- **To do**
From the first line of the data through the line containing "Set of 2 Contemporary", transcribe each line exactly. Pictures do not belong in the copy.

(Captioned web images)
○ ○ ○ ○ ○

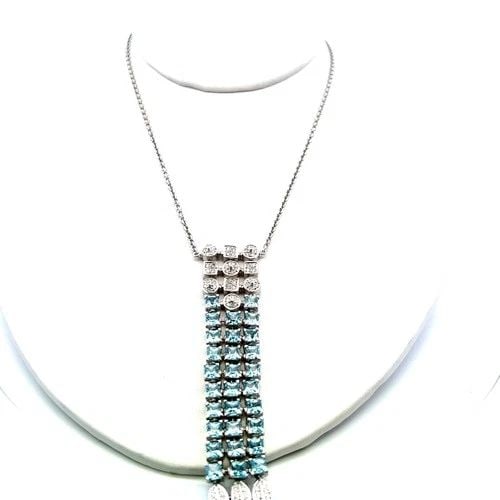 18K WG PENDANT NECKLACE WITH 1.56 CARAT ROUND DIAMONDS AND 8.23 CARAT BLUE TOPAZ: 18K WG PENDANT NECKLACE WITH 1.56 CARAT ROUND DIAMONDS AND 8.23 CARAT BLUE TOPAZ 18K WG PENDANT NECKLACE WITH 1.56 CARAT ROUND DIAMONDS AND 8.23 CARAT BLUE TOPAZ PRODUCT DESCRIPTION Video: Video Link 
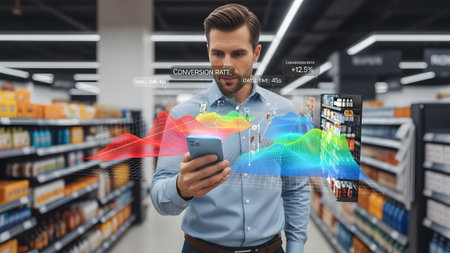 A man holds a smartphone displaying AR data overlays in a brightly lit supermarket aisle with...の写真素材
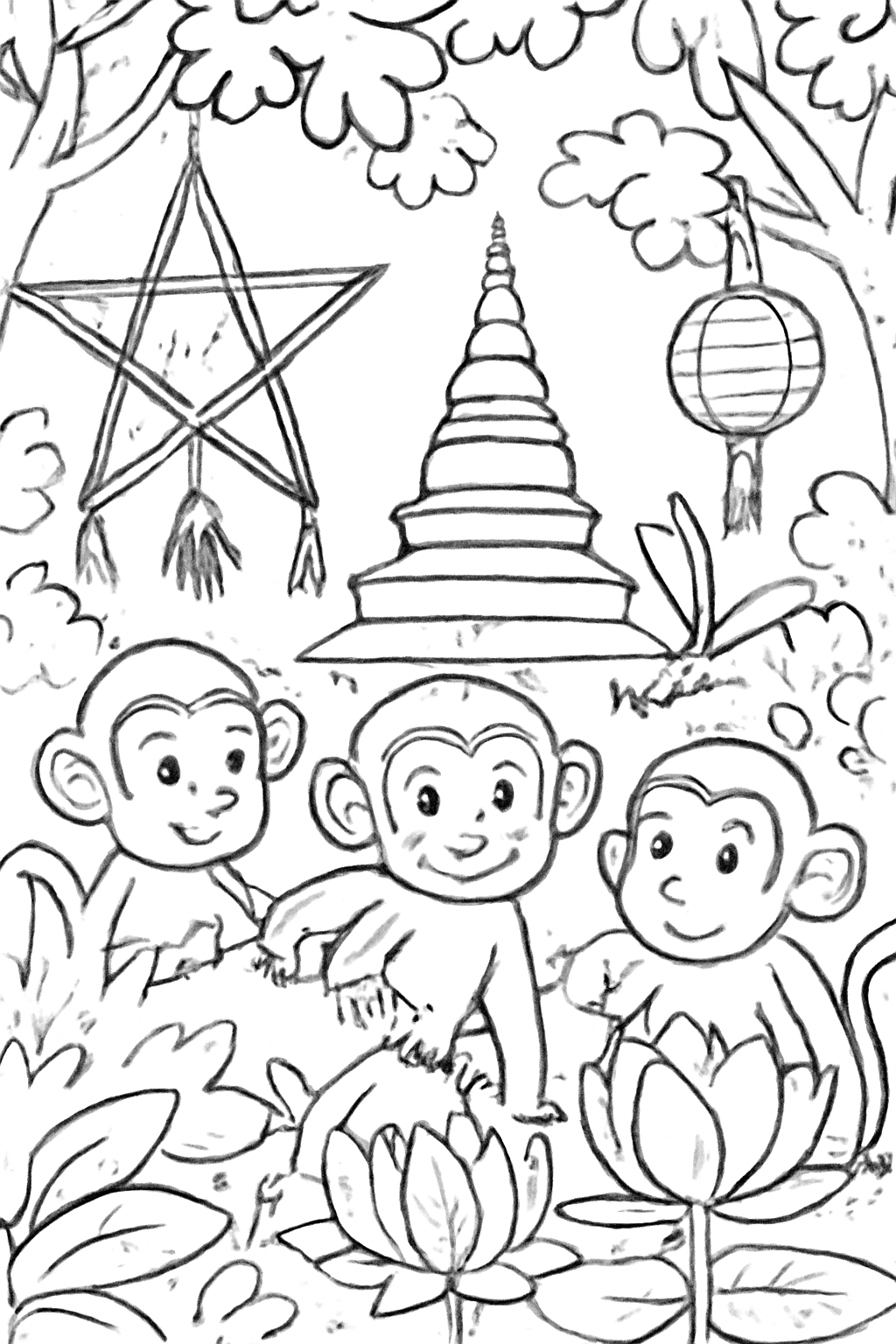 Free printable monkeys peeking at Vesak decorations in a garden coloring page for kids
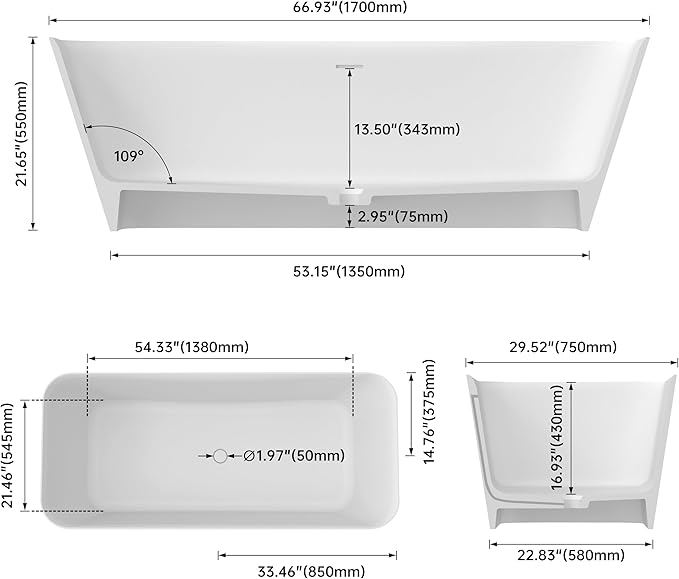 Stone Resin Freestanding Bathtub 67 ", Elegant Oval Shape Soaking Tub, Solid Surface Stand Alone Bathtub with Drain & Integrated Slotted Overflow Matte White AMFS340-1700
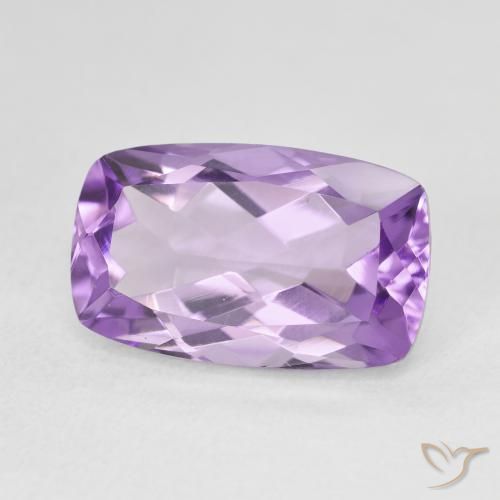 Améthyste Light-Medium Violet naturelle Coussin, 6.41 ct, VVS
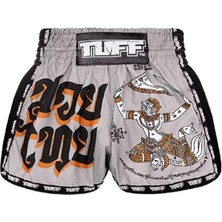 Tuff Muay Thai Shorts Boxing Trunks Traditional Style (TUF-MRS206-GRY)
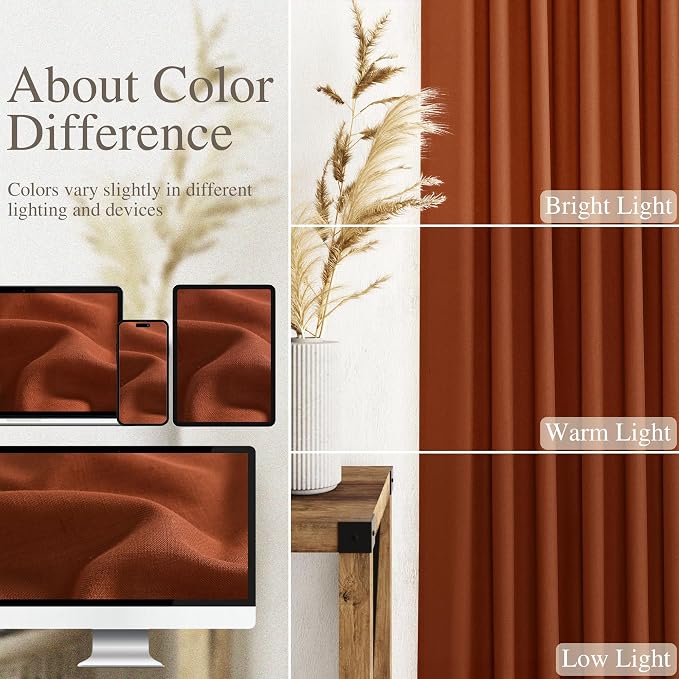Nanspring Terracotta Curtains 80 Inches Length - Image 4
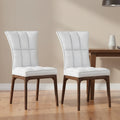 Set of 2 Contemporary Tufted Side Chairs with Sturdy Solid Wood Frame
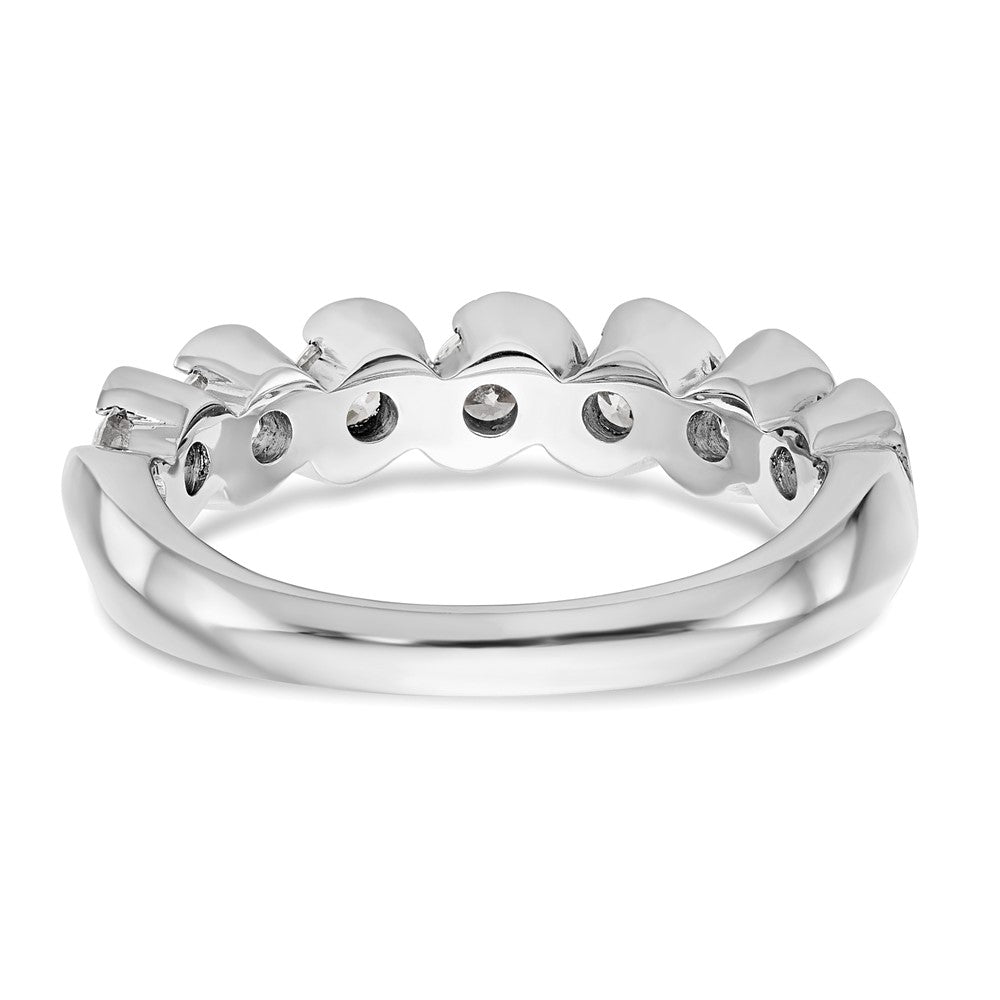 14K White Gold Real Diamond Band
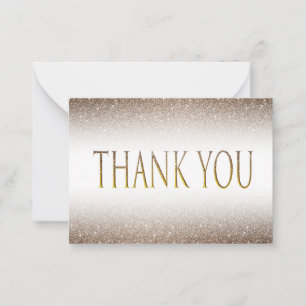 Golden Glitter Glam met Bold Center Dank u Notitiekaartje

○ ○ ○ ○ ○

- **Output for this exercise**
 18K WG PENDANT NECKLACE WITH 1.56 CARAT ROUND DIAMONDS AND 8.23 CARAT BLUE TOPAZ: 18K WG PENDANT NECKLACE WITH 1.56 CARAT ROUND DIAMONDS AND 8.23 CARAT BLUE TOPAZ 18K WG PENDANT NECKLACE WITH 1.56 CARAT ROUND DIAMONDS AND 8.23 CARAT BLUE TOPAZ PRODUCT DESCRIPTION Video: Video Link 
 A man holds a smartphone displaying AR data overlays in a brightly lit supermarket aisle with...の写真素材
 Free printable monkeys peeking at Vesak decorations in a garden coloring page for kids
 Stone Resin Freestanding Bathtub 67 ", Elegant Oval Shape Soaking Tub, Solid Surface Stand Alone Bathtub with Drain & Integrated Slotted Overflow Matte White AMFS340-1700
 Améthyste Light-Medium Violet naturelle Coussin, 6.41 ct, VVS
 Tuff Muay Thai Shorts Boxing Trunks Traditional Style (TUF-MRS206-GRY)
Nanspring Terracotta Curtains 80 Inches Length - Image 4
 Set of 2 Contemporary Tufted Side Chairs with Sturdy Solid Wood Frame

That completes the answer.